When considering a piping system for your new home or for a remodel or replacement project, you’re typically facing a choice between metal and plastic (check out our blog post for an overview of the different types of plastic pipe). As the newer of the two materials, plastic piping is still unfamiliar to some users; unfortunately, this means some common myths about plastic pipes exist.
Here are some of the misconceptions you should know before determining which piping system is right for your home:
Myth: Plastic pipe is a new, untested material
Reality: Though plastic may feel advanced and innovative, some forms of plastic pipe have been around—and been in use—for more than 75 years. It’s a time-tested material proven over decades of quality performance. While it’s true that some forms of plastic pipe are newer than others, the products undergo extensive third-party or laboratory accelerated use and safety tests to simulate how they will perform over time and under varying conditions, so you can rest assured the pipe behind your walls is designed and certified to safely last.

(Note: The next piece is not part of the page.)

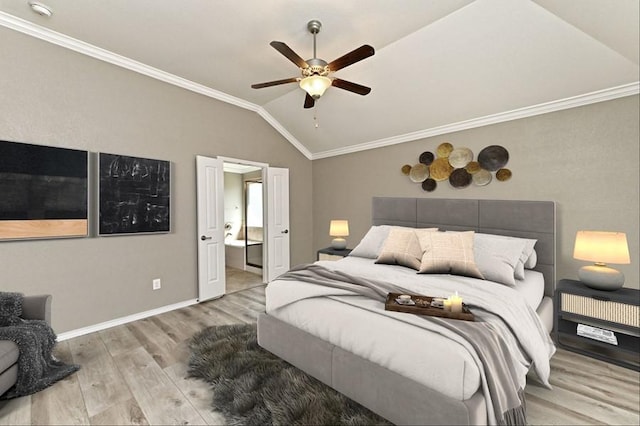 bedroom with baseboards, wood finished floors, crown molding, and vaulted ceiling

Myth: Plastic pipe is unsafe for drinking water
Reality: News reports about BPA in water bottles and other concerns shouldn’t give you pause when it comes to the drinking water coming out of your plastic pipes. Plastic pipes don’t contain BPA, are made of different materials, and go through an entirely different process for manufacturing and testing.
Plastic piping undergoes third-party certification through independent, accredited organizations that develop public health standards and certification programs to help protect the world’s food, water, consumer products and environment. Plastic pipes have been certified to meet performance requirements and safe drinking water requirements, such as NSF/ANSI/CAN 61. If your piping has an accredited third-party certification mark, it’s safe to use for drinking water.
Myth: Plastic pipes can't be used in my area
Reality: Plastic piping is approved in every major plumbing code and the International Residential Code (IRC), the model used for most residential buildings. But this myth is partially true: National codes like the IRC are adopted and modified at the local level, and some jurisdictions around the country still limit or remove some or all plastic pipe in their version of the codes.
This is largely due to political pressure placed on code bodies by special interests as well as simple unfamiliarity or misconceptions, not because of quality, performance or other concerns. While these technically unjustified limitations are becoming rarer, you should confirm with the local code. Even with code limitations in some areas, plastic piping can still be used—your installer can apply for an exception, an alternate means or method, to the code that will allow the system to pass inspection.
Myth: I don't need to worry about what's behind my home's walls
Reality: While it’s easy to think “out of sight, out of mind,” the products behind your walls make up the structure and the mechanical inner workings of your home—they’re what keep your family safe and keep your home functional. Though not as glamorous as, say, a quartz countertop, it’s even more imperative to consider the materials behind the walls—selecting quality products will ensure there isn’t a slowly developing problem that will go from out of sight to front and center, and extremely costly, in a hurry.
A remodel of your kitchen, bath or laundry room is the perfect time to consider if the materials behind your walls are going to stand the test of time. Take the opportunity to inspect your existing pipes and consider their expected life span. Materials like copper may wear over time and develop pinhole leaks or pitting. Many plastic piping systems, including PVC, CPVC, polyethylene, polypropylene, and PEX, offer life spans of 50 to 75 years or more and are an affordable alternative to copper.
In addition, some types of plastic pipe are quite flexible and can be installed without having to tear out the entire wall and are ideal for tight spaces and retrofits.
Myth: Plastic pipes leach chemicals
Reality: It’s easy to think that because many plastics are made with chemical compounds that chemicals are automatically transferring to your water. But those chemical compounds are polymers and are not only inert, they don’t leach. In fact, plastic piping is the best choice to avoid corrosion, scale buildup, metallic leaching and damage from highly aggressive water. What’s more, plastic piping’s durability makes it suitable for a range of water types, including well water, water with high salt content and highly chlorinated water. Some types of plastic pipes can withstand extremely high temperatures, as well.